The outcome of the case saw the underpayment of nearly $27,000 made good to the former employee, and a penalty of $20,000 imposed on the employer for breaches of payslip and record-keeping obligations.
In a matter relating to the underpayment of wages to two overseas workers, the employer Green Clean (Aust) Pty Ltd, refused to cooperate with the FWO. Ultimately the Federal Circuit Court imposed multiple orders including:
- $3,000 to the workers, for wages owed;
- $1,890 as a fine against the Director of the company;
- $9,450 as a fine against the company, for failing to adhere to a Compliance Notice, issued by the FWO.
Again, in the Federal Circuit Court, Judge Solvatore Vasta, found that during a four month period in 2015, operators of two Gold Coast restaurants, Somurais Paradise and the Japanese Curry House Kawaii had underpaid staff by $59,080.
Describing the company’s record-keeping violations as “very serious” and “a most heinous offense”, the Judge imposed the maximum fine on the company and, concurrently, fined the owner $38,000.
The FWO proved that on two occasions the company had attempted to provide false records in order to reduce its economic exposure. In the final analysis, almost $300,000 worth of fines, aside from the back payment of wages, were imposed by the Court.

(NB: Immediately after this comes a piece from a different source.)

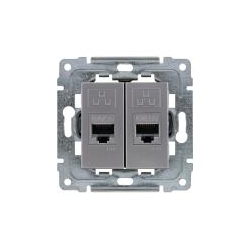 KOS-ELEKTRO SYSTEM DANTE Gniazdo komputerowe podwójne 2xRJ45 kat.5e nieekranowane inox 454167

In another, underpayment case, involving overseas workers; operators of an Inner Sydney Malaysian Restaurant, the Marak Malaysian Restaurant (operated by Marak Pty Ltd.), the FWO identified six workers (five of whom were visa-holders from non-English speaking background, as being in receipt of ‘flat hourly rates’ of as low as $11.00 per work, during the period February 2012 to April 2015. Collectively the underpayments totaled $87,000.
Federal Circuit Court Judge, Justin Smith imposed fines on the three Company Directors, totaling $116,000, and a further fine against the Company of $184,960.
Additionally, Justice Smith ordered the company to commission a qualified professional to audit pay procedures across all of its restaurants and to rectify any underpayments identified.
Finally, to demonstrate the wide-ranging scope of the new laws, a Victorian accounting firm EZY Accounting 123 Pty Ltd was penalized $53,880 by the Federal Circuit Court in November, after doing work for Blue Impression Pty Ltd (the operator of a fast food outlet), which had been found to have underpaid twelve employees in a 2014 audit, by the FWO.
Judge John O’Sullivan found that the accounting firm had been “knowingly involved in conduct that constitutes illegality.”
“Ezy was involved in a relationship with Blue Impression where it provided payroll services. As such it must put compliance with the law ahead of business interests.”
Under Section 550 of the FWA, any person who helps a group contravene civil remedy provisions can be penalized as if they had done it themselves – even if they are merely aware of it as a systematic pattern of behavior.
The offence here is being found to have had accessorial liability, which brings with it a maximum fine of $126,000.
The FWO is now armed with stronger/more stringent enforcement powers under the new legislation. They have proven that once alerted to systemic breaches of the FWA, particularly those involving vulnerable workers, usually casuals, with English as second language backgrounds, they will prosecute both the companies involved, as well as their Owners/Directors.
Organizations providing professional services to organizations (particularly payroll support), are also open to prosecution and sanctions for ‘accessorize liability’.
Keeping accurate and up-to-date time and wage records, ultimately is the best defense against prosecution.
However, in the event that the FWO ‘comes a calling’, co-operation and openness is the best approach; never try to avoid admitting to errors, particularly those made in good faith.